I am sure that debate will generate improvements on Report or entirely different and better methods of ensuring that Parliament can play a meaningful scrutiny role with respect to the provisions in the Bill and perhaps make a contribution to addressing the similar but numerically much larger problem presented by the Retained EU Law (Revocation and Reform) Bill.
I conclude as I did at Second Reading by saying that the structure of our financial services regime is far too important to be left to the Treasury and the regulators alone. Real parliamentary scrutiny is vital, but it is entirely absent from the Bill. I look forward to hearing the contributions of other noble Lords. I beg to move.
My Lords, as this is the first day of Committee, I declare my interests as recorded in the register, in particular that I hold shares in listed financial services companies. I will not comment on the government amendments in this group; I am taking those on trust.
I share the desire of the noble Lord, Lord Sharkey, for Parliament to be involved in the new rules that will replace retained EU law, but this is part of the larger issue of how there will be parliamentary accountability of the regulators. A number of us have tabled amendments of slightly different varieties on how to achieve that in the Bill. I for one will not contribute to that issue in this debate, because it is better saved until the various mechanisms that some of us have proposed are debated later in Committee.
I have two amendments in this group: Amendments 244 and 245. At Second Reading I acknowledged that the replacement of retained EU law on financial services would take some time, but I felt that the process needed the discipline of a hard stop along the lines of the Retained EU Law (Revocation and Reform) Bill.

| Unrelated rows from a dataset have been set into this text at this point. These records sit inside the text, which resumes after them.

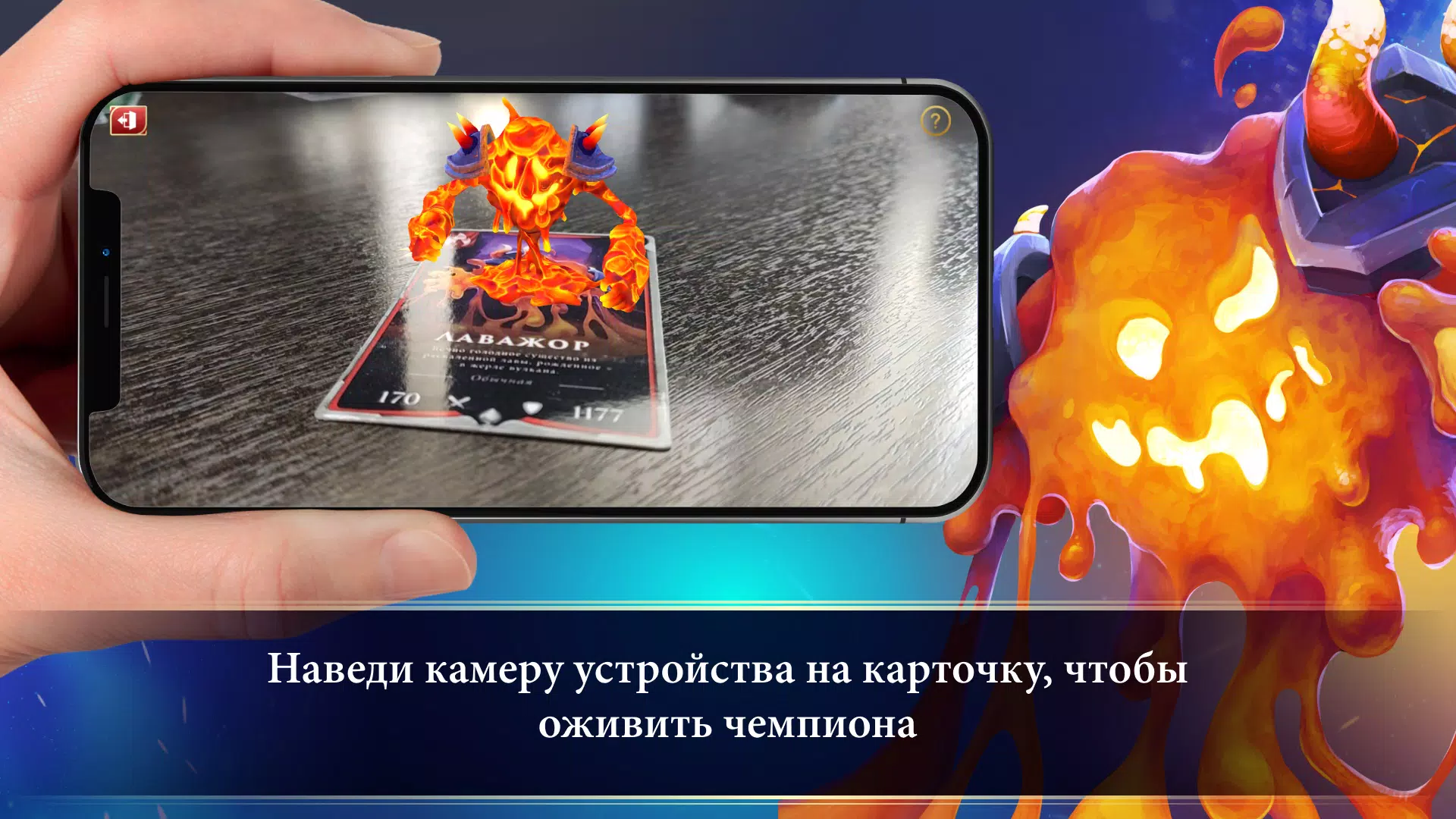 Турнир Чемпионов Screenshot 1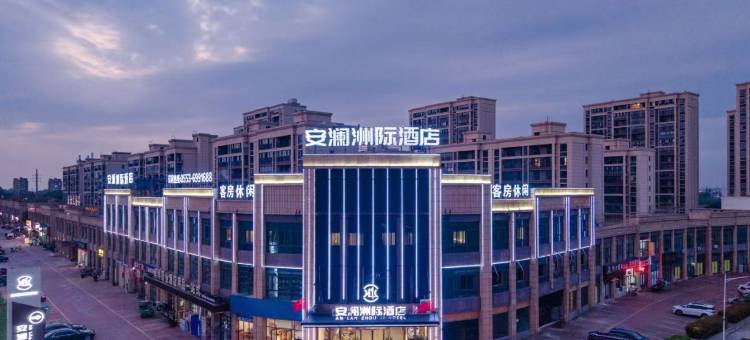 安澜洲际酒店(无为大地农批店)图片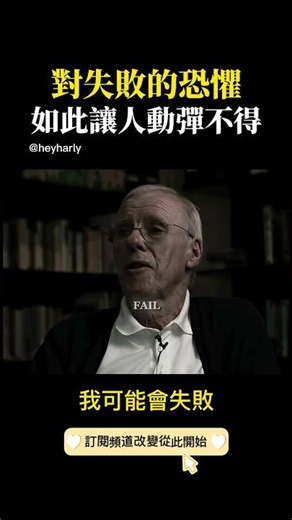 運動心理學家：面對失敗的恐懼，我們應該如何做？
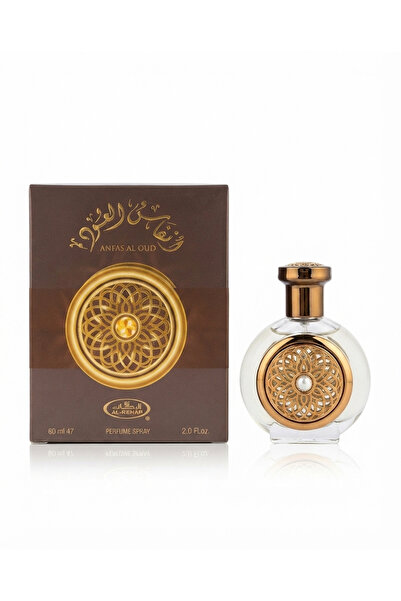 ALREHAB "Breath of Oud from the Cathedrals: the Magic of the East in a Bottle...
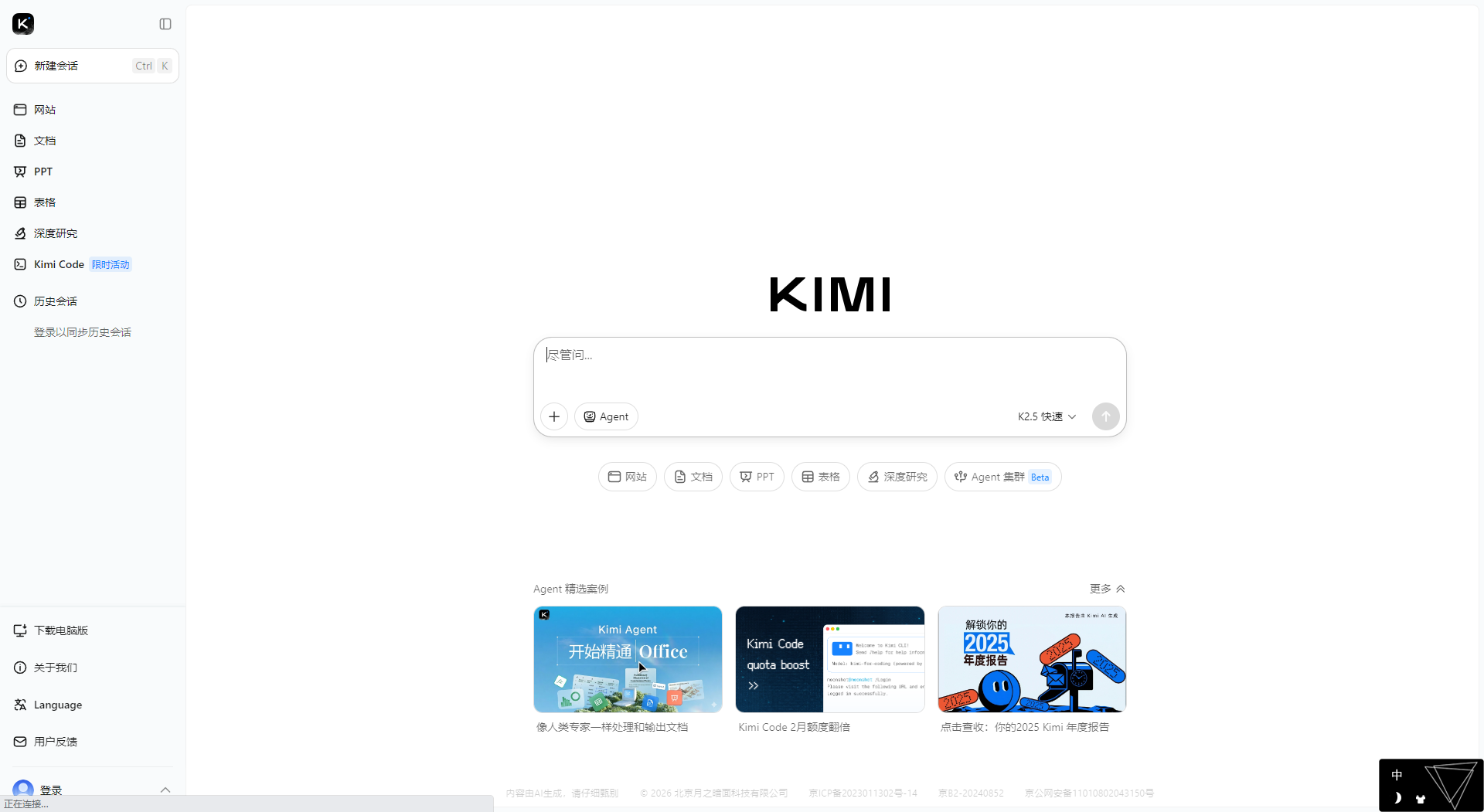 Kimi坦诚算力告急引热议，指路DeepSeek尽显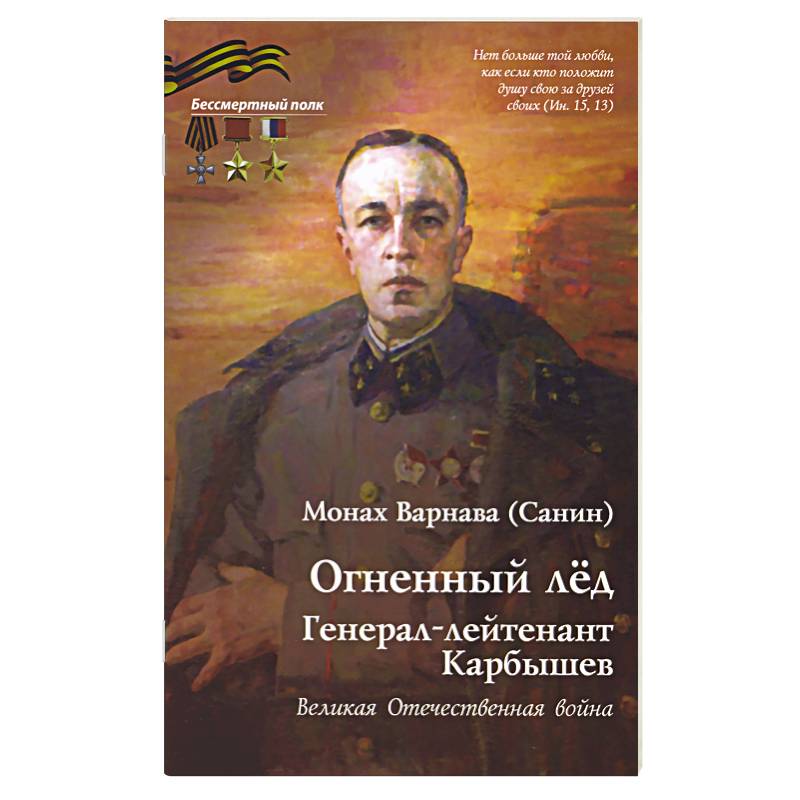 Огненный лед. Генерал-лейтенант Карбышев. Великая Отечественная война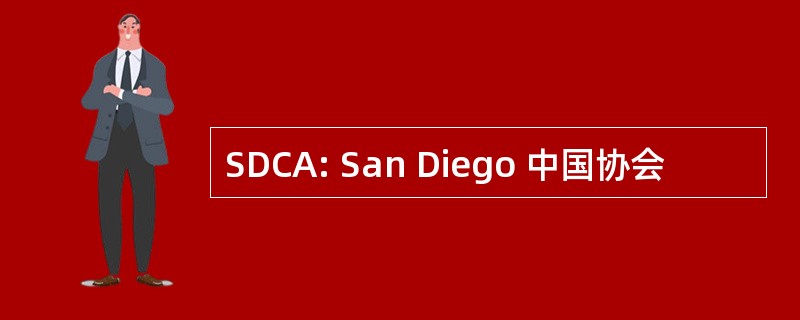 SDCA: San Diego 中国协会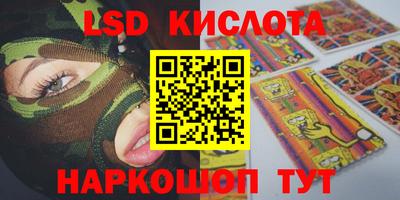 марки nbome Балахна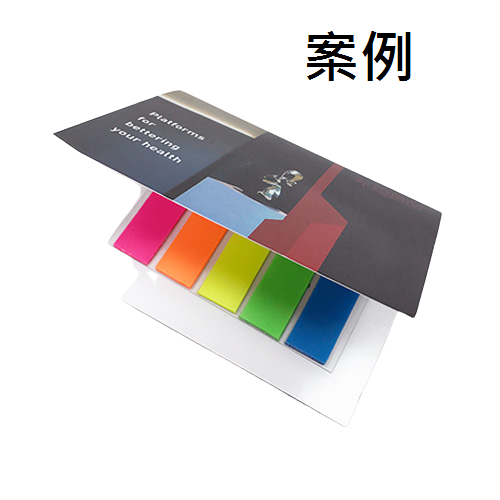 客製化便利memo紙*台灣製 A0243 HFPWP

I have not copied that Bill, with its deadline of the end of this year, but I have instead proposed one three years later: that is, on 31 December 2026.
That will doubtless disappoint some hardliners among my Brexiteer colleagues, but I see that as a pragmatic compromise between getting the issue fixed and letting the regulators do a proper job in turning EU rules into something that works for the UK or indeed, whenever possible, removing the rules entirely.
I am not convinced that, left to themselves, the FCA and the PRA will prioritise the task of dealing with the full corpus of retained EU law, especially once the first batch of relatively easy issues has been dealt with. A deadline is a simple device in order to incentivise them to get on with it or risk losing the related law entirely.
If my noble friend resists the notion of a statutory deadline, even though it is government policy for retained EU law generally, perhaps she will explain what sticks and carrots the Treasury has at its disposal to get the job done within a reasonable timeframe. I do not think it reasonable to have this large body of EU law left in limbo for any considerable period of time.